> _TASK STATEMENT_
Exactly the lines from the one holding "An office worker" through the end of the material below must be printed, nothing more, and the pictures must be dropped.

*** Opening STORED DATA ***

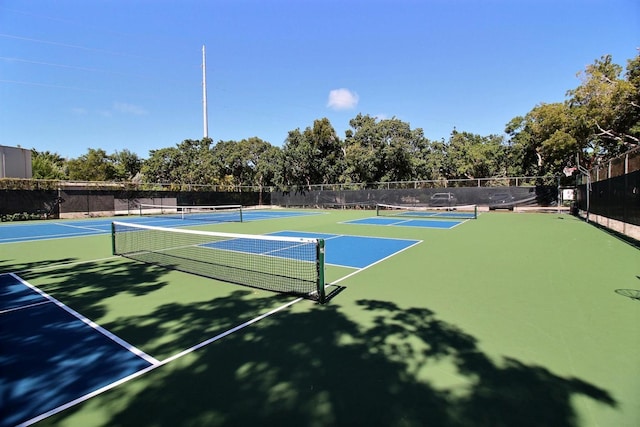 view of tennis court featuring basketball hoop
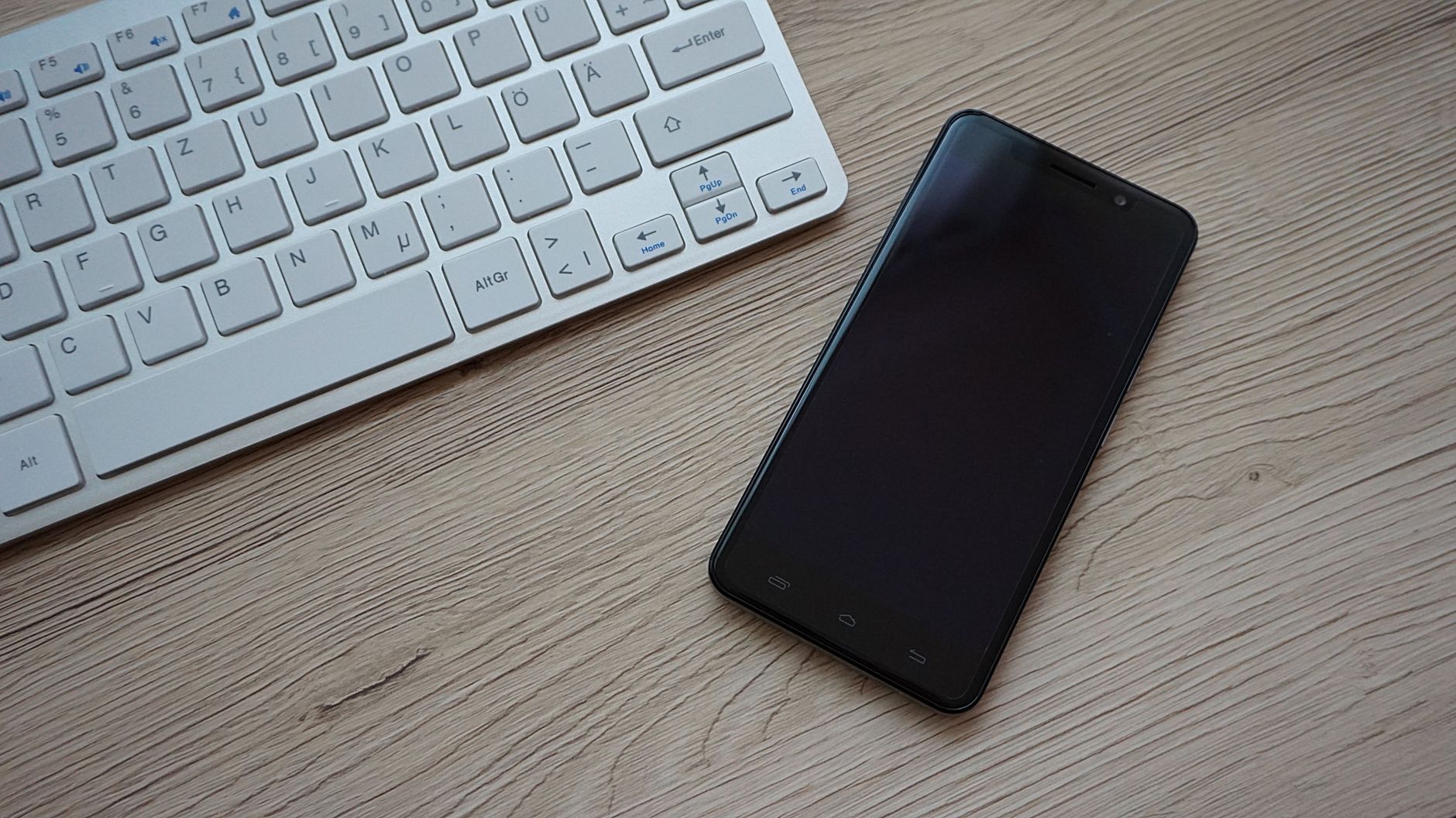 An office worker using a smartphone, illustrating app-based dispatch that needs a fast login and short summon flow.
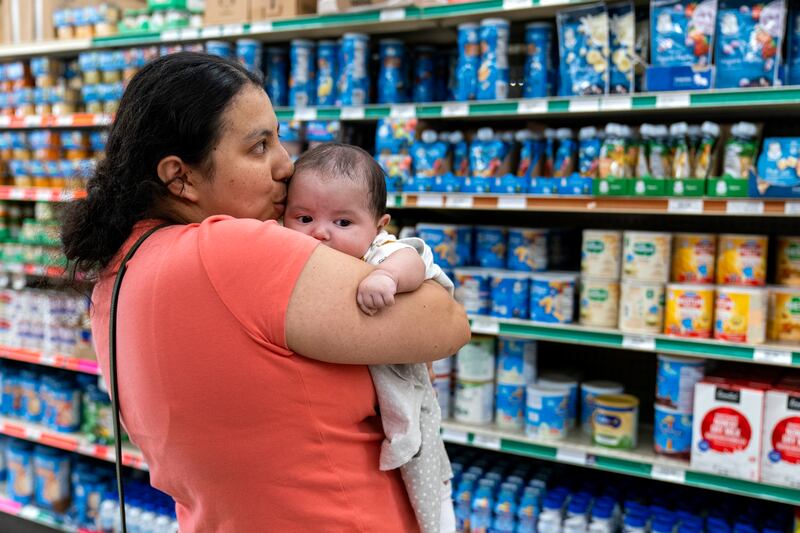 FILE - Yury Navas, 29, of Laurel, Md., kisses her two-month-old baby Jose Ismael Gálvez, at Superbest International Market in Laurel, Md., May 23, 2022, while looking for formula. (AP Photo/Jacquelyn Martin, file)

*** Closing STORED DATA ***

> _SOLUTION FOR THIS TASK_
 An office worker using a smartphone, illustrating app-based dispatch that needs a fast login and short summon flow.
 FILE - Yury Navas, 29, of Laurel, Md., kisses her two-month-old baby Jose Ismael Gálvez, at Superbest International Market in Laurel, Md., May 23, 2022, while looking for formula. (AP Photo/Jacquelyn Martin, file)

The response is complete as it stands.